▶ [PROVIDED DATA]
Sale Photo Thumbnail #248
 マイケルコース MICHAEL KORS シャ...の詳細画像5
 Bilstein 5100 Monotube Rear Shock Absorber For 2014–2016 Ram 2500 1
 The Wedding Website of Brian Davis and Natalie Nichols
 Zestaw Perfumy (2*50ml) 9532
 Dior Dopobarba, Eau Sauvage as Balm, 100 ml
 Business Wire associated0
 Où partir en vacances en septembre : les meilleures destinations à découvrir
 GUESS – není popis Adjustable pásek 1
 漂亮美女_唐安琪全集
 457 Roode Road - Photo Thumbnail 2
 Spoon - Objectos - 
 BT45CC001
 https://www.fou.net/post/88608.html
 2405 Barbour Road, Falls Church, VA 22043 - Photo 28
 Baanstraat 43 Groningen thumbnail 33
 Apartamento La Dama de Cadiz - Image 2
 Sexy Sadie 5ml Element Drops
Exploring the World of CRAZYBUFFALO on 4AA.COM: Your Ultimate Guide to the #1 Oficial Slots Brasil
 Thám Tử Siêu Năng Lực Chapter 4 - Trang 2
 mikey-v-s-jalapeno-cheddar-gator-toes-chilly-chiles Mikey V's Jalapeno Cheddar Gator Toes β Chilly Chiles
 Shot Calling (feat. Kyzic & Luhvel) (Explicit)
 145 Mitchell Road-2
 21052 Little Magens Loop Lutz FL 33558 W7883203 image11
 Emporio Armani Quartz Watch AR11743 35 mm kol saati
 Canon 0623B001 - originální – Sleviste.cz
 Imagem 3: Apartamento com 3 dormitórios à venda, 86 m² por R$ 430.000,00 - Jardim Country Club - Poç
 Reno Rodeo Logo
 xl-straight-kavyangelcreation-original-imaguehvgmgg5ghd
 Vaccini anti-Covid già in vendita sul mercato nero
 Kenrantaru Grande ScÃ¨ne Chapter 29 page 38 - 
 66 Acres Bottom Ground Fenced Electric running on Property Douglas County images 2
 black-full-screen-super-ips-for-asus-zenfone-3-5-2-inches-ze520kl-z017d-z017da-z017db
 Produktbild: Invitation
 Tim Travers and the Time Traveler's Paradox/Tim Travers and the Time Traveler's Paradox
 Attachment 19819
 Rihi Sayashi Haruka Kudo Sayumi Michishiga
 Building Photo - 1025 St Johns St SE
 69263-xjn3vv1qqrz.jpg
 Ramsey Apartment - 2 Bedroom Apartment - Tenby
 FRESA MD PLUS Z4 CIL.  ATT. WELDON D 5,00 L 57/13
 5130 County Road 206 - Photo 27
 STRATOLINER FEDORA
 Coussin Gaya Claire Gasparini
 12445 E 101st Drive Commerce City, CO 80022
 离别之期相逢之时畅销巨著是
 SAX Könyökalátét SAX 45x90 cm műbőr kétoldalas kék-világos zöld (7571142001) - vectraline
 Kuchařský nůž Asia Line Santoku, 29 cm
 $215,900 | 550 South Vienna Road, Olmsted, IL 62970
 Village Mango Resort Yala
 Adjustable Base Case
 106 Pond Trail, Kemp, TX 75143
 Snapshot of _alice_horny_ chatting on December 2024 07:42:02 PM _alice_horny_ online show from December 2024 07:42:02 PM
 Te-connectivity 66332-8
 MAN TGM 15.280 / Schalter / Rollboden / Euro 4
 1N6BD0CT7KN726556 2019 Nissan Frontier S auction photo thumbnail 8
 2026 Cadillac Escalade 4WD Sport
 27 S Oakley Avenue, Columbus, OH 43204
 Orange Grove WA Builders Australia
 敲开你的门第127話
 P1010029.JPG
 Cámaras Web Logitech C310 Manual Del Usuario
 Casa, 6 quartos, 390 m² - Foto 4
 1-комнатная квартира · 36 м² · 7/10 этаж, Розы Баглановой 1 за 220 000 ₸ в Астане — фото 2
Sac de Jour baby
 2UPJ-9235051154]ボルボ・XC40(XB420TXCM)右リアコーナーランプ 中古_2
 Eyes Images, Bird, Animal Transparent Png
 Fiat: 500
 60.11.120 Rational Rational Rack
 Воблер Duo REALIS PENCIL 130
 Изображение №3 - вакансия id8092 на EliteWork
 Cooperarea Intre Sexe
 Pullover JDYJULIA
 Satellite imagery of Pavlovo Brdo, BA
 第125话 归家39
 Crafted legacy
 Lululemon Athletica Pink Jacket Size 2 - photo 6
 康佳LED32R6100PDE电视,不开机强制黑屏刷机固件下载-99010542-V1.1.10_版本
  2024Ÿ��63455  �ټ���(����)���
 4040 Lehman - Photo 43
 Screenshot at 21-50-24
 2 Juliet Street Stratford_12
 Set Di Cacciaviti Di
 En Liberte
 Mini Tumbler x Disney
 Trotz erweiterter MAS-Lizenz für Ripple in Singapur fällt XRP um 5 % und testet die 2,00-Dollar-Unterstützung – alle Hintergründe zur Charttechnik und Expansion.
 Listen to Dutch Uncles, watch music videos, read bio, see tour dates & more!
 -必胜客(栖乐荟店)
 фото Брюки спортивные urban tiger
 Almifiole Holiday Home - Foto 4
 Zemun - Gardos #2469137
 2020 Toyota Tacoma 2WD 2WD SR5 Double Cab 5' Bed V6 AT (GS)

▶ [PROBLEM] Each line, starting with the one containing "Casa, 6 quartos, 390 m² - Foto 4" and ending with the last line of the records above, should be reproduced exactly.

▶ [SOLUTION TO THIS PROBLEM]
 Casa, 6 quartos, 390 m² - Foto 4
 1-комнатная квартира · 36 м² · 7/10 этаж, Розы Баглановой 1 за 220 000 ₸ в Астане — фото 2
Sac de Jour baby
 2UPJ-9235051154]ボルボ・XC40(XB420TXCM)右リアコーナーランプ 中古_2
 Eyes Images, Bird, Animal Transparent Png
 Fiat: 500
 60.11.120 Rational Rational Rack
 Воблер Duo REALIS PENCIL 130
 Изображение №3 - вакансия id8092 на EliteWork
 Cooperarea Intre Sexe
 Pullover JDYJULIA
 Satellite imagery of Pavlovo Brdo, BA
 第125话 归家39
 Crafted legacy
 Lululemon Athletica Pink Jacket Size 2 - photo 6
 康佳LED32R6100PDE电视,不开机强制黑屏刷机固件下载-99010542-V1.1.10_版本
  2024Ÿ��63455  �ټ���(����)���
 4040 Lehman - Photo 43
 Screenshot at 21-50-24
 2 Juliet Street Stratford_12
 Set Di Cacciaviti Di
 En Liberte
 Mini Tumbler x Disney
 Trotz erweiterter MAS-Lizenz für Ripple in Singapur fällt XRP um 5 % und testet die 2,00-Dollar-Unterstützung – alle Hintergründe zur Charttechnik und Expansion.
 Listen to Dutch Uncles, watch music videos, read bio, see tour dates & more!
 -必胜客(栖乐荟店)
 фото Брюки спортивные urban tiger
 Almifiole Holiday Home - Foto 4
 Zemun - Gardos #2469137
 2020 Toyota Tacoma 2WD 2WD SR5 Double Cab 5' Bed V6 AT (GS)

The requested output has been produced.